→ What to work on:
The lines to repeat are those below from the one containing "Evania Steel Grey" down to the one containing "Aparador alto madera", both included; reproduce them exactly and nothing else.

[Available records Boundary: Start]

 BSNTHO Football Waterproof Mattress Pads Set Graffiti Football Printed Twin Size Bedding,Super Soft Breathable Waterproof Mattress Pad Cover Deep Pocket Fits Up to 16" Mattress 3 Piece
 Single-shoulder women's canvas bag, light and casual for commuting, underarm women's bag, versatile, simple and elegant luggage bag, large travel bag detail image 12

[Available records Boundary: End]
[Available records Boundary: Start]

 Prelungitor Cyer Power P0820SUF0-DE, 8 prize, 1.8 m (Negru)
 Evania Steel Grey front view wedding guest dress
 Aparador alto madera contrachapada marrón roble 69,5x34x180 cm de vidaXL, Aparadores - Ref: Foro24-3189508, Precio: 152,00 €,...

[Available records Boundary: End]
[Available records Boundary: Start]

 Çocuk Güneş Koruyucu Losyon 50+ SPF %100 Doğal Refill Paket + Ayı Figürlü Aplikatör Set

[Available records Boundary: End]

→ Expected answer:
 Evania Steel Grey front view wedding guest dress
 Aparador alto madera contrachapada marrón roble 69,5x34x180 cm de vidaXL, Aparadores - Ref: Foro24-3189508, Precio: 152,00 €,...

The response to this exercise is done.